Design Goals

The primary design goals for the project were to provide a single easy to read and testable grammar for the Java programming language, and when integrating that into javac, to have a minimal impact on the rest of javac.

Minimal impact

To see how parsing fits into the general javac architecture, see this Compilation Overview for javac. In that overview, the term "parse" is used for the general process of converting source text into syntax trees.

javac flow

It was a requirement that integrating Java.g into javac should have minimal impact on the rest of javac, for obvious reasons. This meant that the generated parser had to create standard javac syntax trees and interact with the standard javac error reporting mechanisms. In the context of the Compilation Overview it is just the "parse" part of the pipeline that is updated to use Java.g. The rest of the pipeline, to enter classes into the symbol tables, perform annotation processing, analyse the program and generate class files, is unchanged.

If nothing else, this requirement facilitated testing the parser by means of comparing the trees generated by the ANTLR parser and the standard parser. With a few limited exceptions, the trees generated by the two parsers are identical. The differences are because of limitations in the standard parser (for example, it does not maintain accurate source positions for every node in an expression) or because of premature optimizations, such as string folding (for example, combining "a" + "b" into "ab" directly in the parser.) Both of these may be seen as issues arising from javac's original use as (just) a batch compiler, in which higher fidelity between the source text and the syntax tree was not a primary requirement. The more we have tools to process syntax trees, the higher is the demand for greater fidelity.

There was one minor way in which the design was allowed to impact the high level compiler architecture. Originally, the scanner and parser were separate steps in the actual compiler pipeline implemented in An early milestone with Java.g was to integrate it into that pipeline using the standard javac lexer. However, to accomodate the possibility of using an ANTLR lexer as well, the scanner and parser steps were combined in the pipeline to be a single step that reads files and returns syntax trees. For the standard javac, the responsibility to use the standard scanner has been delegated to the standard parser, while the ANTLR-based javac uses both the lexer and parser generated by ANTLR from Java.g.
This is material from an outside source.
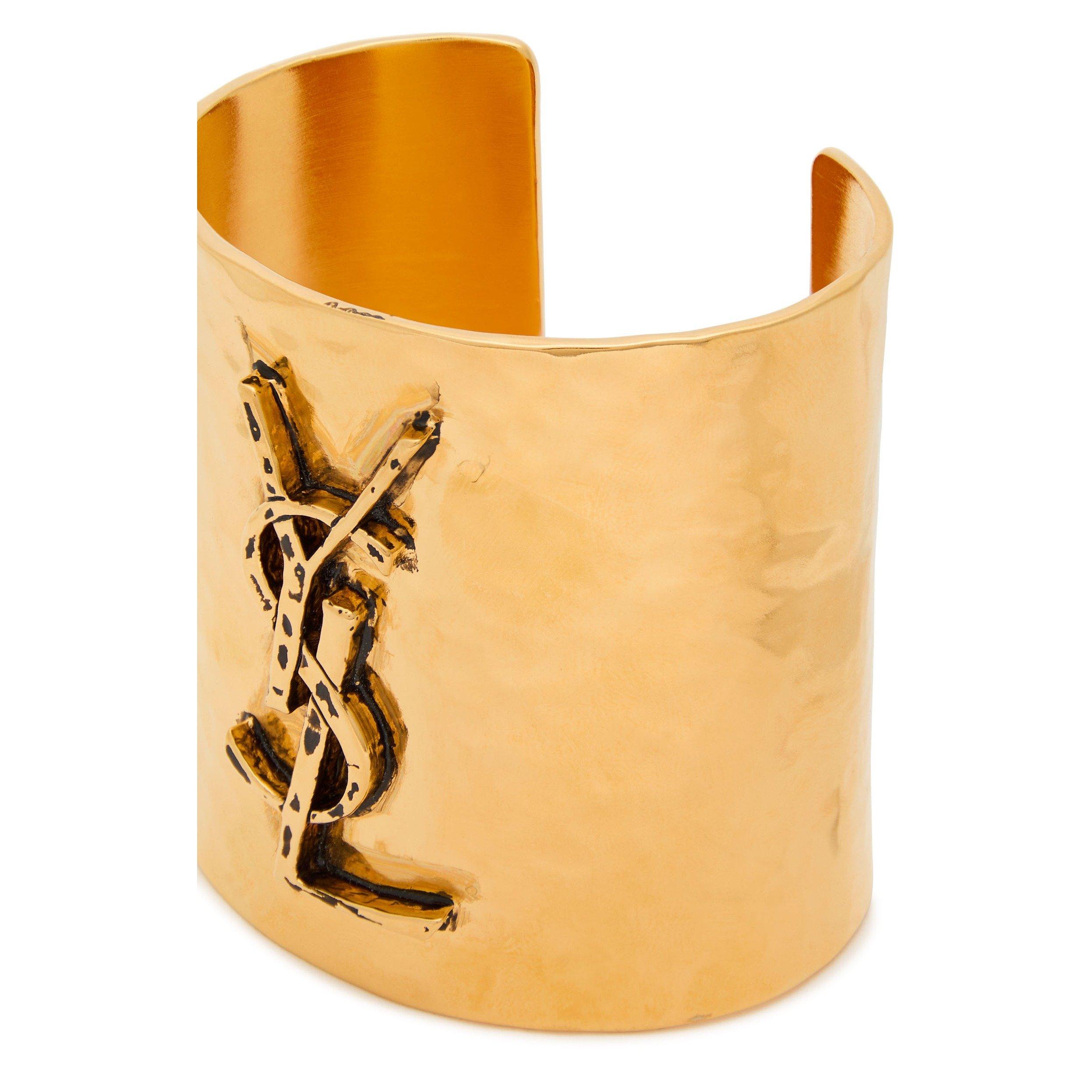 GOLD - Saint Laurent - LOGO GOLD WIDE CUFF - 4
As an implementation detail, javac was changed so that the Parser class was replaced by a Parser interface with different implementations for the original standard parser and for Java.g. At least in principle, this should also make it easier to plug in additional implementations in future, should that be desirable. The change to use a Parser interface is available as part of the standard OpenJDK version of javac.

One clear and testable Java grammar

javac embodies a grammar which is tested, but which only exists in javac. JLS has grammars which are publicly accessible but not testable. As a result, it was a goal to try an unify these in a grammar which was both testable and readable.

The requirement to integrate with javac's standard syntax trees and error reporting mechanisms meant that the original Java.g had to be augmented with actions to create javac tree nodes, or report javac errors. For those wishing to (just) read the grammar, these actions can be at best a distraction and at worst, an issue when using ANTLRWorks to browse through the grammar or to create a printable PDF or just the grammar rules.

It would be possible to maintain a separate grammar for use with ANTLRWorks and similar tools, but this could cause maintenance issues later on. Instead, the grammer is decorated with comments that identify the code required for javac integration. This makes it possible to easily remove such code to derive a stripped down version of the file suitable for use with ANTLRWorks, while being sure that the derived file is still fundamentally the same as the grammar used by and tested within javac itself.